Leigh McWilliams

Personal information
- Born: 19 July 1978 (age 47) Newcastle, New South Wales, Australia
- Height: 180 cm (5 ft 11 in)
- Weight: 95 kg (14 st 13 lb)

Playing information
- Position: Hooker
Club
| Years | Team | Pld | T | G | FG | P |
| 1999–05 | North Qld Cowboys | 67 | 4 | 0 | 0 | 16 |
- Source: As of 10 February 2020

= Leigh McWilliams =

Australian rugby league footballer

Leigh McWilliams (born 19 July 1978) is an Australian former rugby league footballer who played for the North Queensland Cowboys in the National Rugby League. He primarily played .

==Background==
McWilliams was born in Newcastle, New South Wales and played his junior rugby league for the Singleton Greyhounds. In 1995, while attending Singleton High School, he was selected in the Australian Schoolboys squad that toured Great Britain and France.

==Playing career==
McWilliams was a Newcastle Knights junior before joining the Hunter Mariners, where he represented the Australian Super League under-19 side in 1997. In 1998, following the demise of the Hunters, McWilliams joined the North Queensland Cowboys, where he played for their Queensland Cup feeder side, the Townsville Stingers.

In Round 22 of the 1999 NRL season, he made his NRL debut for the Cowboys in their 8–40 loss to the Cronulla-Sutherland Sharks. He played just one more game in his rookie season, spending the majority of the year playing for the Cairns Cyclones in the Queensland Cup.

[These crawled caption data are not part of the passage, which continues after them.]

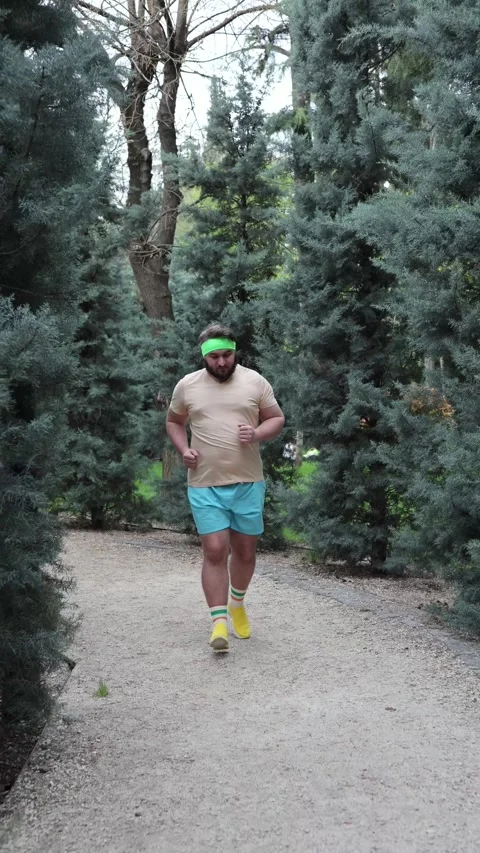 Man with beard, big belly runs along path in city park Stock Footage 306988659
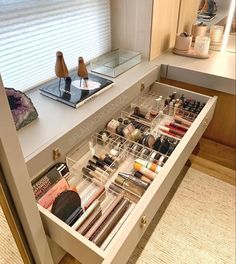 an open drawer in a bathroom with makeup and other items on the counter next to it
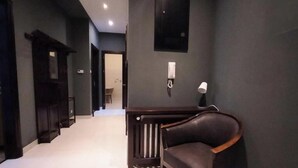 A hallway with a dark wall, a wooden bench, and a door at the end. - Fantastic Inn Kraków - Słowackiego (Kraków)
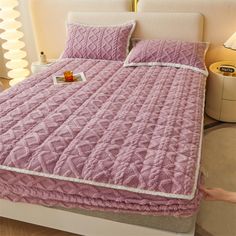 a bed with pink bedspread and matching pillows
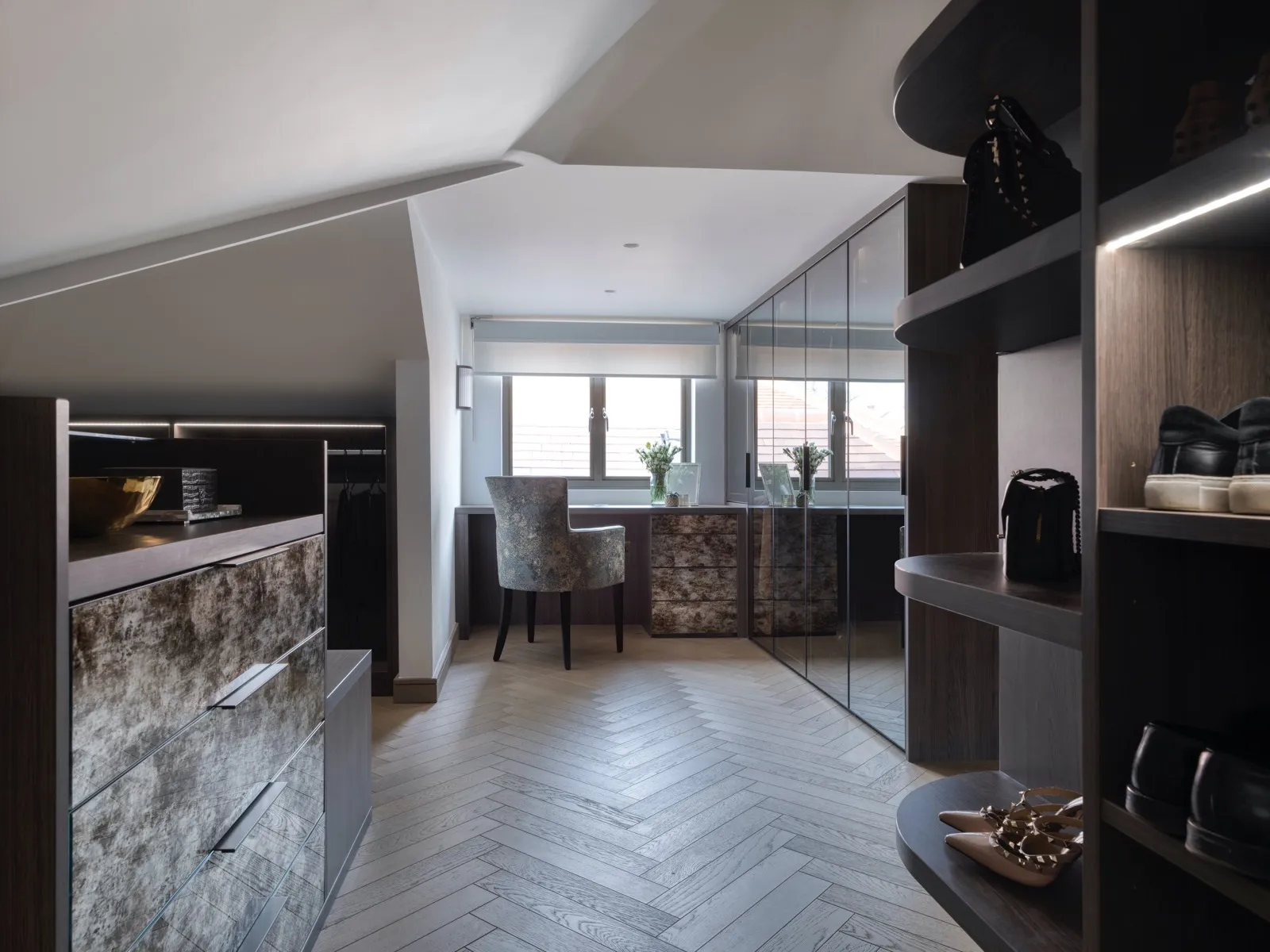 Attic dressing room with mottled glass drawers, mirrored wardrobes and a desk under a sloping ceiling
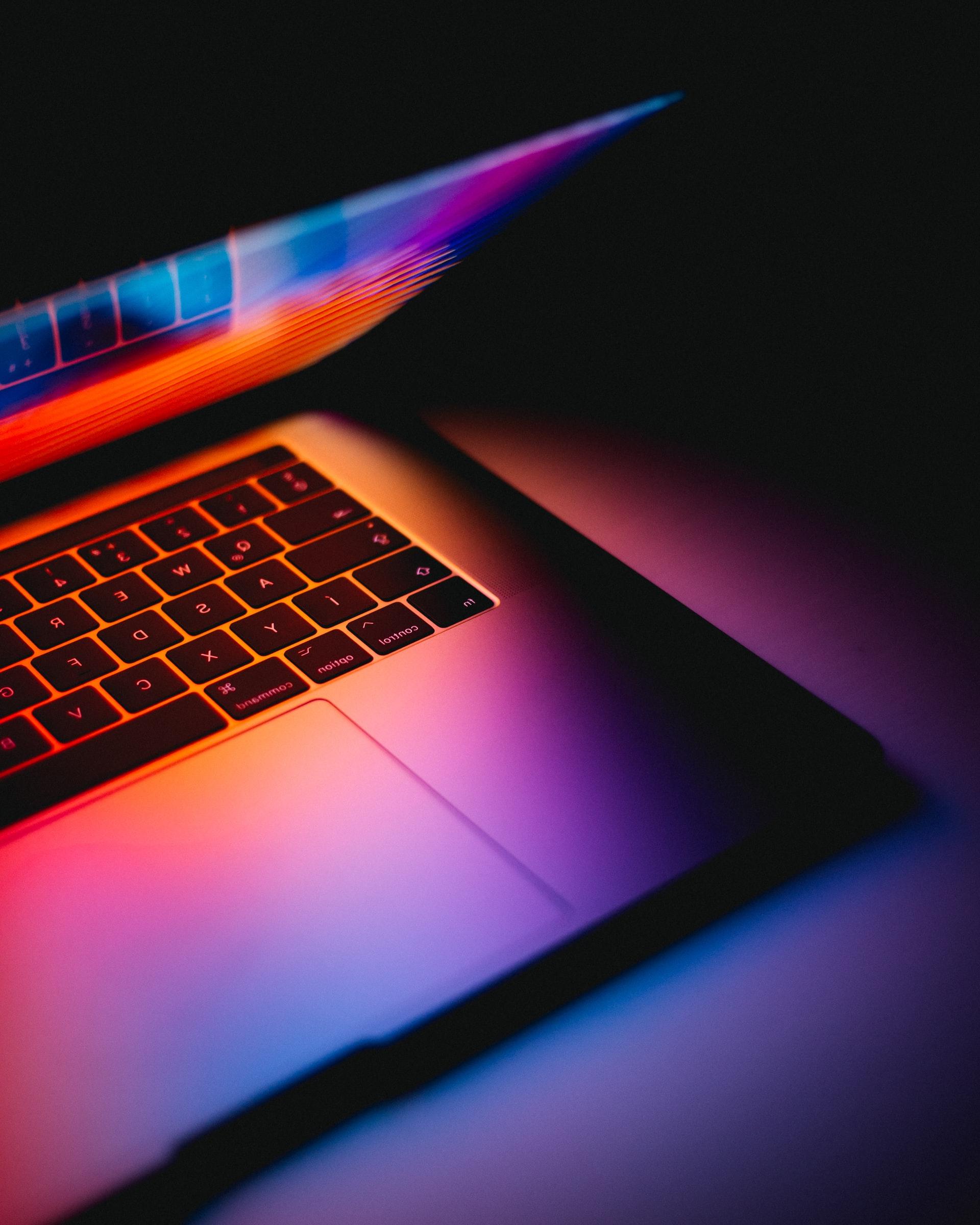 Computer lit by a colorful screen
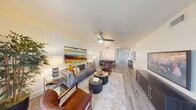 This thoughtfully designed single-floor residence offers two bedrooms and one bathroom across a comfortable and efficiently utilized floor plan. Light wood-tone flooring flows consistently throughout, creating a cohesive aesthetic from room to room.

The living room is anchored by a ceiling fan and opens directly to a private outdoor area through sliding glass doors, flooding the space with natural light. The open-concept layout connects the living room to a dedicated dining area, which features a rustic wood dining table beneath a striking industrial-style pendant light.

The kitchen is accessed via a pass-through counter with bar seating, ideal for casual dining. It is equipped with stainless steel appliances, including a full-size refrigerator, microwave, and range, complemented by white cabinetry and clean countertops.

The primary bedroom is generously proportioned, featuring a ceiling fan, natural light from a window, and direct access to a closet. The second bedroom offers a similar layout with its own closet access. A dedicated closet area with built-in shelving provides additional storage.

The bathroom is finished with marble-style tiled walls surrounding a full tub-shower combination, paired with a white vanity, quartz countertop, and a large mirror. Clean white walls and wood-look flooring carry the home's modern aesthetic throughout.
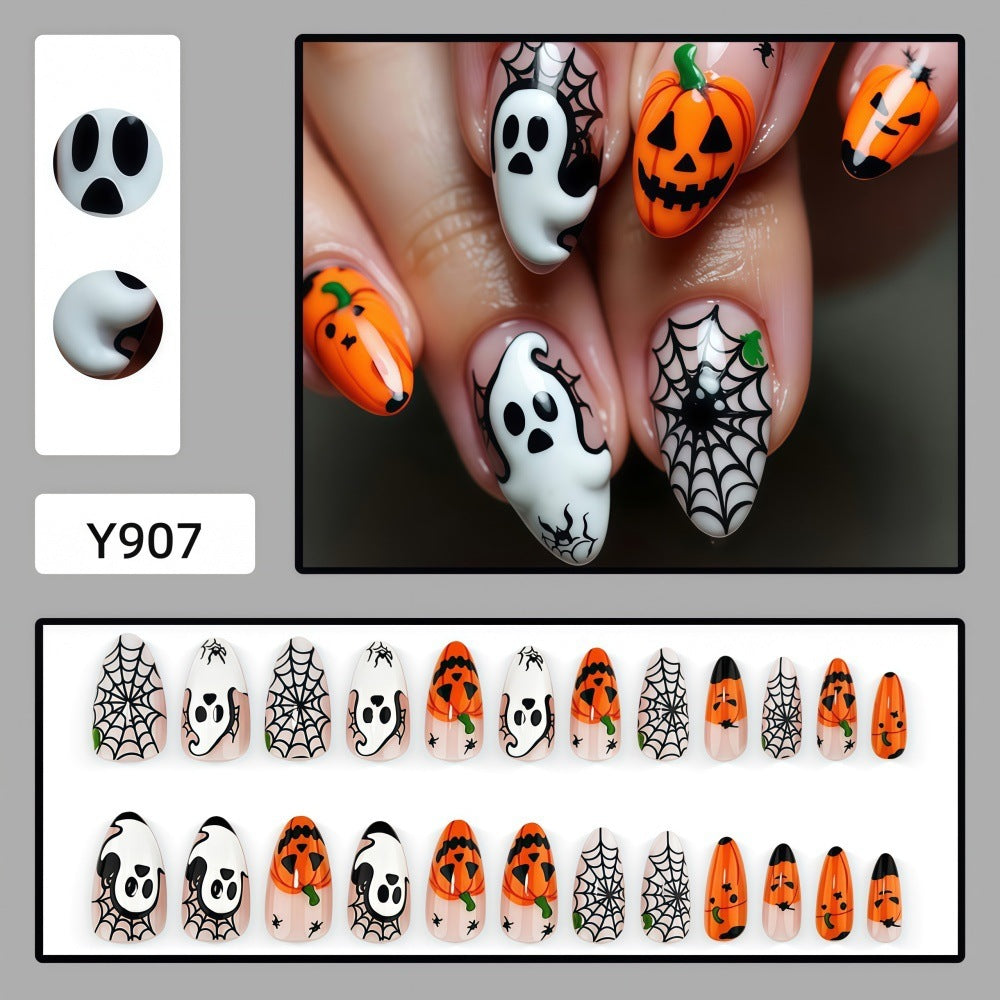 Halloween-themed artificial nails with spooky ghost and pumpkin design Kalsten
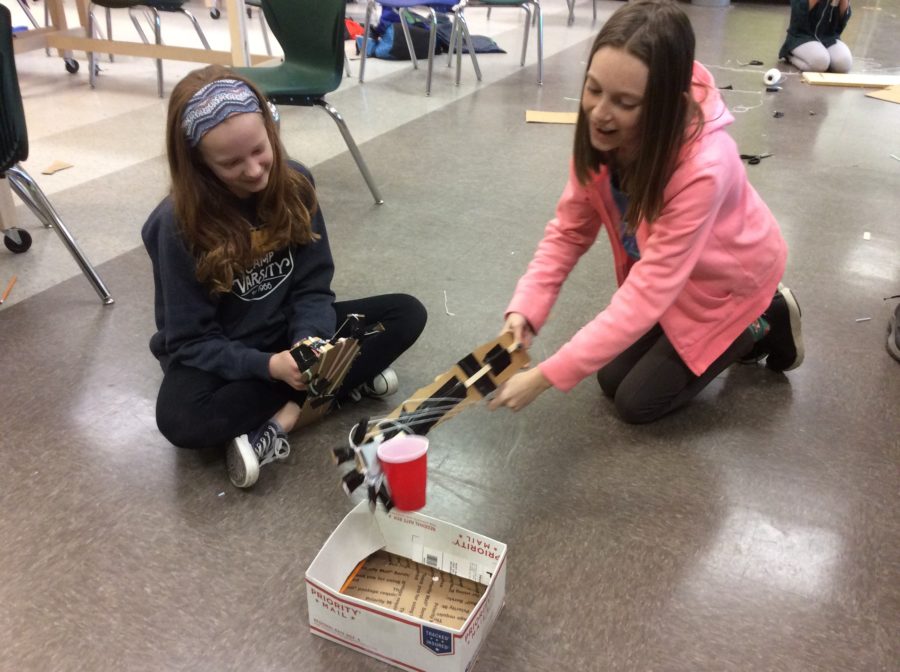 Students testing robotic arm prototype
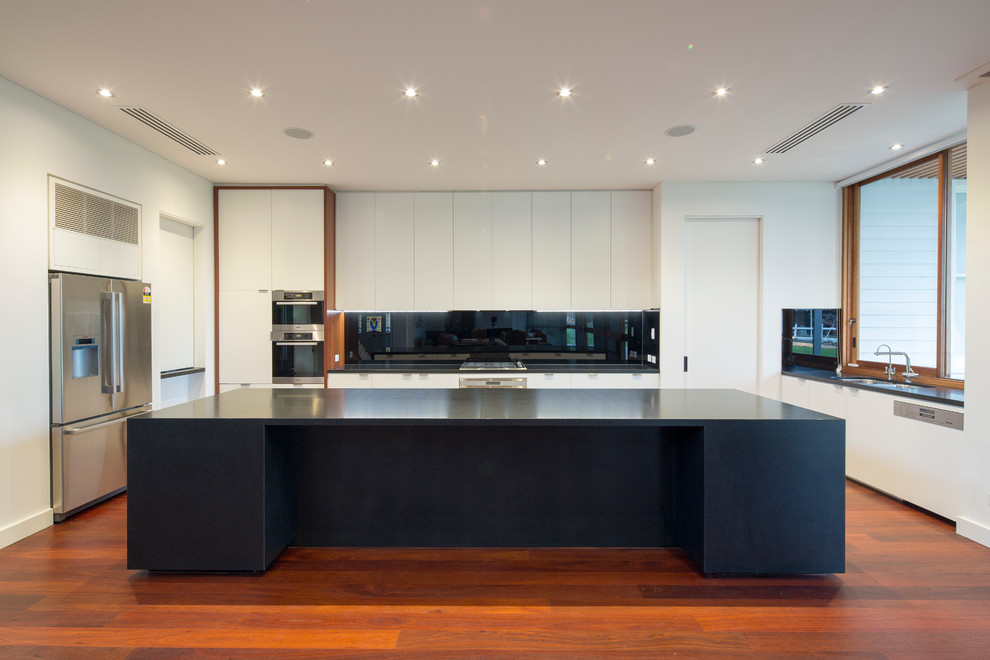 Expansive contemporary open plan kitchen in Perth with an undermount sink, flat-panel cabinets, black cabinets, granite benchtops, black splashback, glass sheet splashback, stainless steel appliances, medium hardwood floors and with island.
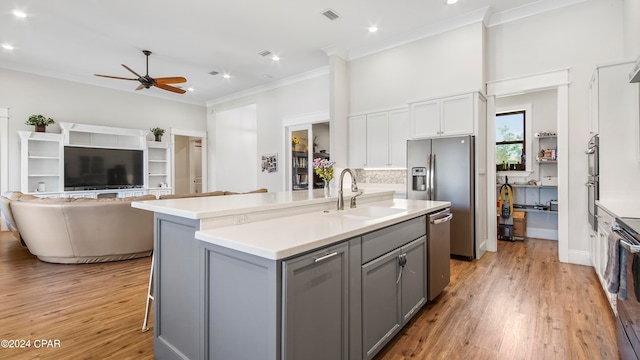 kitchen featuring sink, light hardwood / wood-style flooring, stainless steel appliances, a center island with sink, and ceiling fan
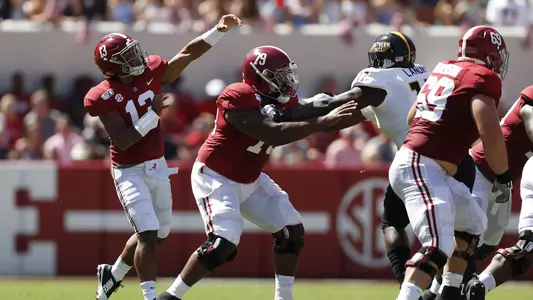 Tua Tagovailoa and Chris Owens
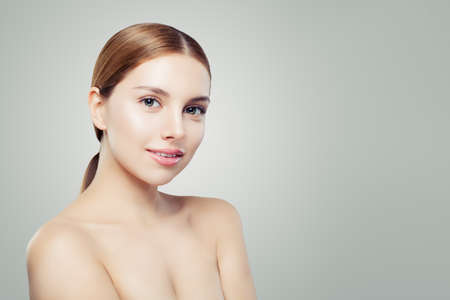 Young perfect woman. Beautiful girl with healthy clear skin. Facial treatment, skincare and cosmetology concept.の写真素材
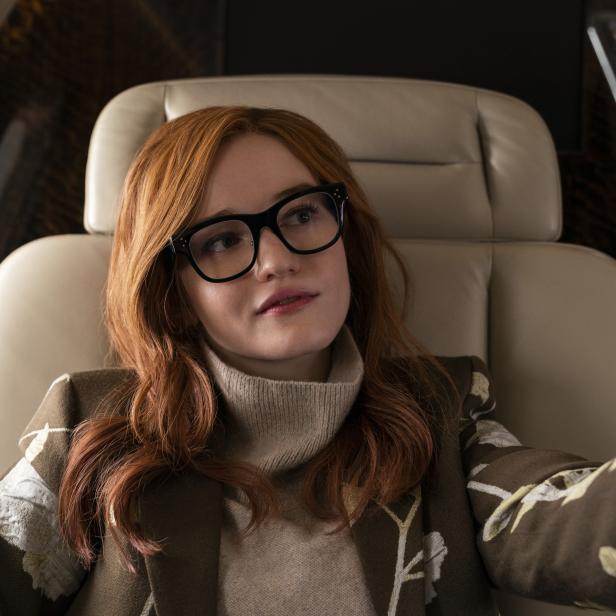 Eine Frau mit roten Haaren und Brille sitzt in einem Privatjet und macht ein Selfie.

In Round 13 of the 2000 NRL season, McWilliams scored his first NRL try in a 50–4 win over the St George Illawarra Dragons. That season he played 12 games for the Cowboys, starting eight in his preferred position of hooker. Over the next two seasons, McWilliams only featured sporadically for the Cowboys. In 2003, he started 14 games for the Cowboys at hooker before his season ended due to injury. In 2004, McWilliams became a regular in the Cowboys side, playing 20 games as the club qualified for the finals for the first time.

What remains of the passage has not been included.